The answer is the full listing below, copied exactly, with its pictures omitted.

GIVEN INFORMATION:
══════

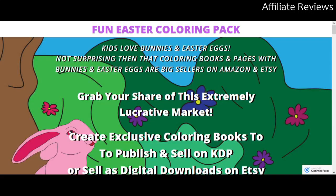Hello and welcome to Affiliate Reviews. In this video we're going to be taking a look at Fun Easter Coloring Pack. Just before we jump in, a reminder: this is not a sales hype or paid promotional video, but an honest review.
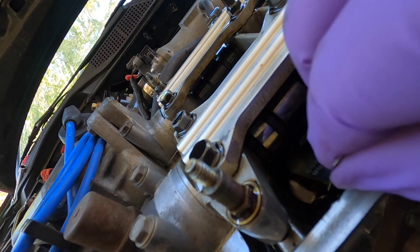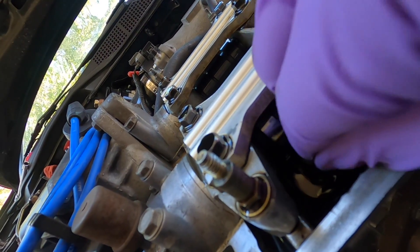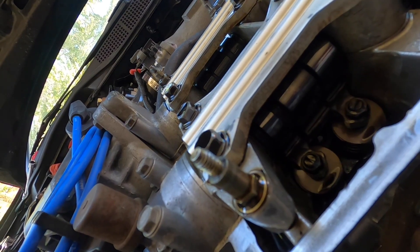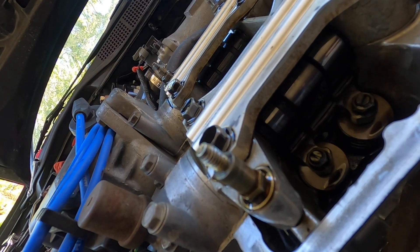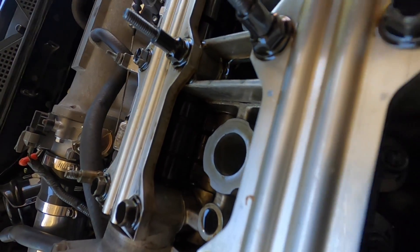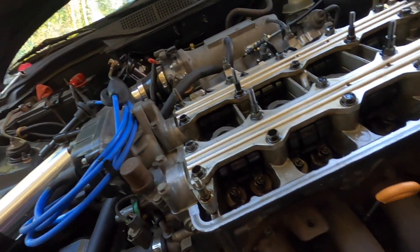Looking at the exhaust ones — this one's good. These are pretty good; I think I'll just leave these alone because they're not too bad. Let's check the intake side — the intake ones are too tight. Yeah, definitely too tight, can't even get it in there. I'm trying to fit them down into this little area; it won't go in. So let's loosen those up and work on those.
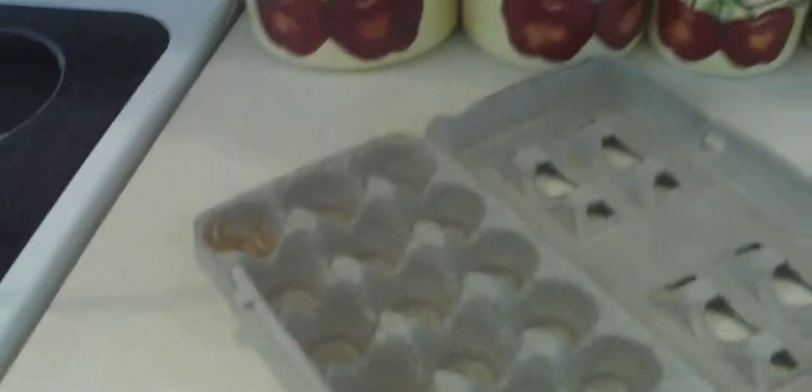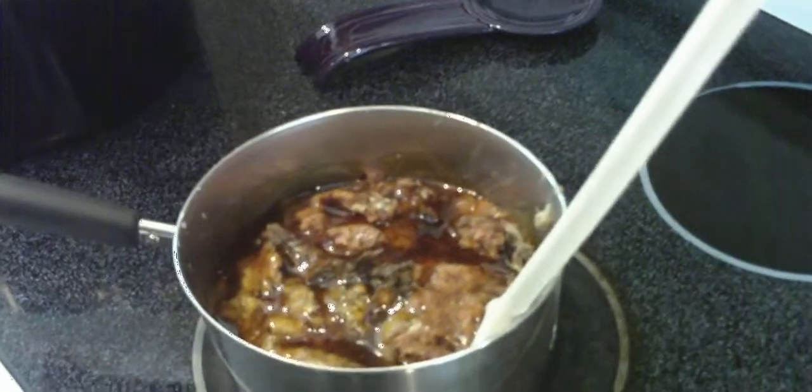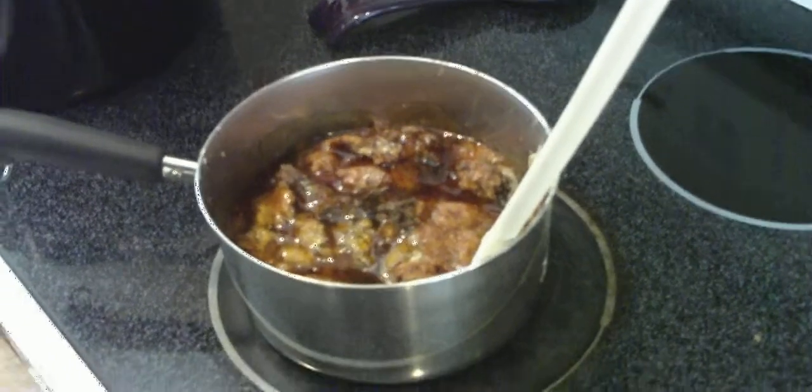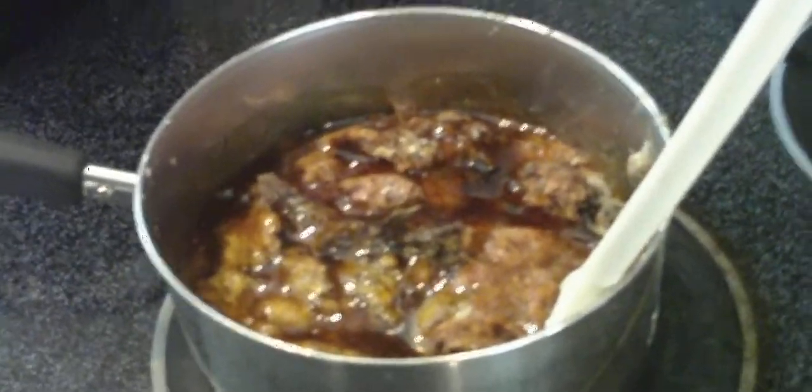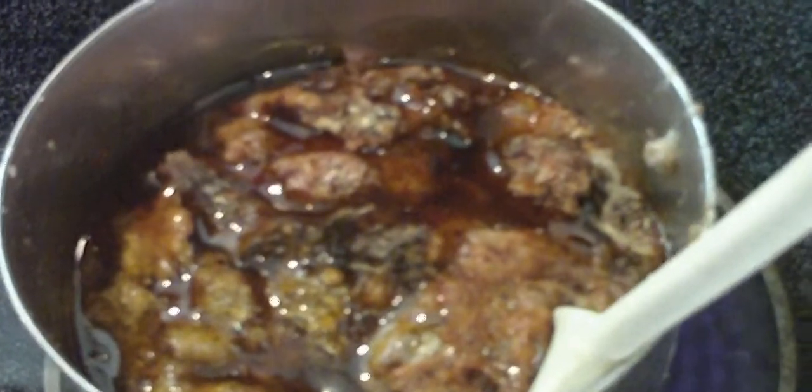Luke here getting ready for a winter excursion camping trip with my brother. Because of the adverse conditions we're going to be seeing, I have gathered some pitch off some local pine trees and I am going to turn that into a liquid.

══════

TASK RESULT:
Hello and welcome to Affiliate Reviews. In this video we're going to be taking a look at Fun Easter Coloring Pack. Just before we jump in, a reminder: this is not a sales hype or paid promotional video, but an honest review.
Looking at the exhaust ones — this one's good. These are pretty good; I think I'll just leave these alone because they're not too bad. Let's check the intake side — the intake ones are too tight. Yeah, definitely too tight, can't even get it in there. I'm trying to fit them down into this little area; it won't go in. So let's loosen those up and work on those.
Luke here getting ready for a winter excursion camping trip with my brother. Because of the adverse conditions we're going to be seeing, I have gathered some pitch off some local pine trees and I am going to turn that into a liquid.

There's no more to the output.